マネジャー体験ワーク:退職が続く介護施設の施設長
「施設長、すこしお時間いただけますか」
パソコン画面を見つめていた木村は、平静をよそおって答えた。
「ん?どうした?」
今月だけで3人かよ……独り言のつもりが思った以上に大きな声だったらしく、周りの職員が一瞬ハッとこちらを見た。
それぞれ事情があるとはいえ、3人も立て続けに退職の申し出をうけると、いつも冷静な木村もさすがに気持ち穏やかではいられなかった。
一人目は26歳の男性介護職員。将来を考えると今の給料では不安があるので退職したいと話した。
二人目は入社2年目の女性介護職員。介護以外の仕事を経験してみたいという理由だった。
そして今日の介護職員。勤続12年ベテラン。来年開設する有料老人ホームのオープニングスタッフとして転職する予定だという。
「私はこの施設が大好きでした。入居しているお客さまもスタッフも皆いい人たちばかりで、12年間楽しく仕事をしてきました。ただ、このところスタッフが減り、毎日時間に追われて、気づいたら一日が終わっているんです。
お客さまと会話する時間も減り、日々のケアがただの作業になっている気がして、“これが私のやりたい介護だったのかな”と考えるようになりました。
そんな矢先、オープニングスタッフ募集の広告を見て、もう一度、新しい施設で本当にやりたかったケアを追求したい、と思い転職を決意しました。
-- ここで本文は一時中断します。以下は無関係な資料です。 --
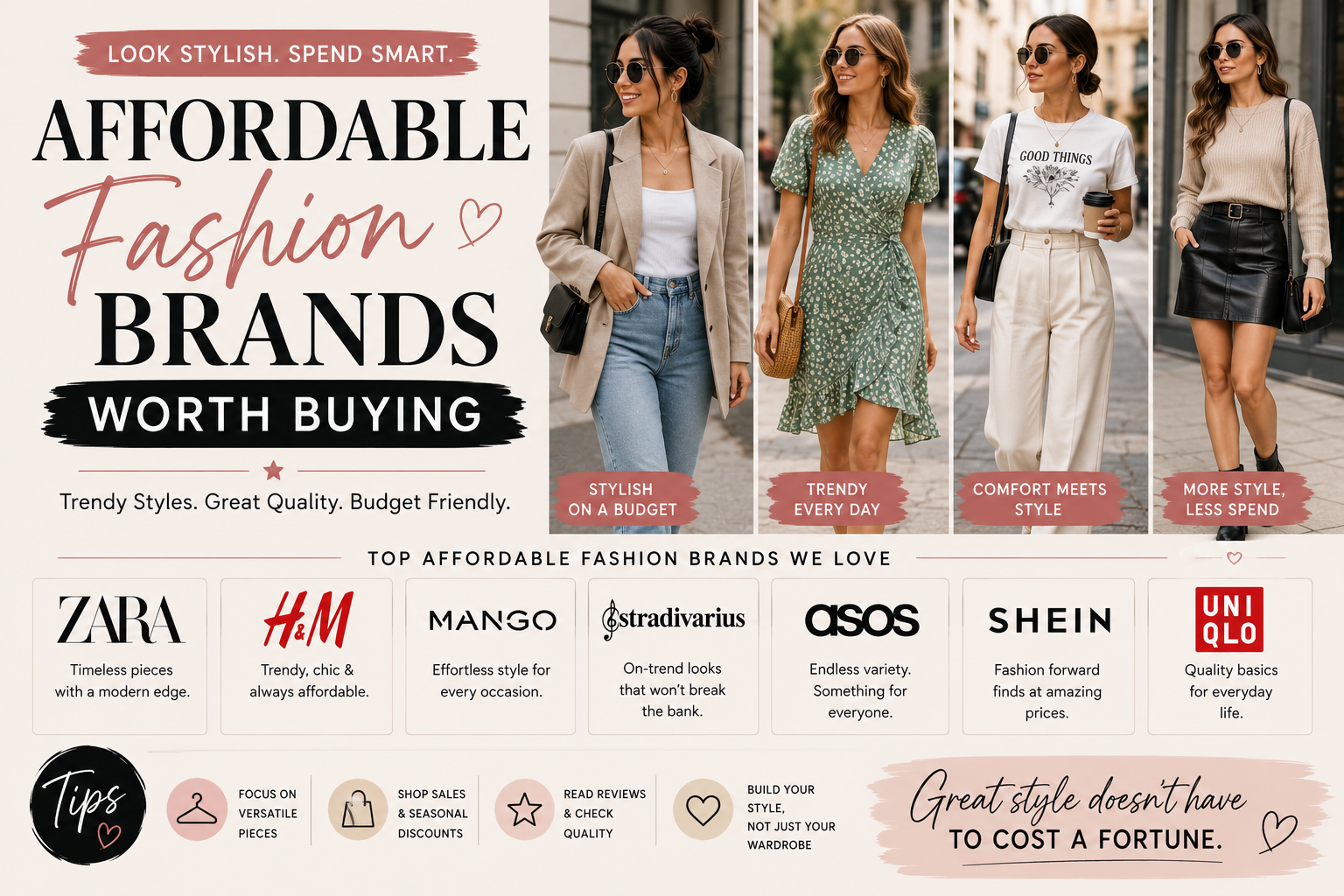 Affordable Fashion Brands Worth Buying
」
「あと…」表情から明るさが消えた。
「今の施設の方針に不満を持っているスタッフ何人かから、私と一緒に新しい施設に転職したいと相談を受けています。私は思いとどまるよう話をしていますが。」
今の方針に不満?そんな話は寝耳に水だ。
たしかに最近、人が減って現場はバタバタしているが、クレームは出ていないし、何とかうまくいっていると思っていた。
いったい何が起きているというのだ!?
【ワーク】今この状況で、木村と施設の幹部職員たちは、何をしたら良いのでしょうか。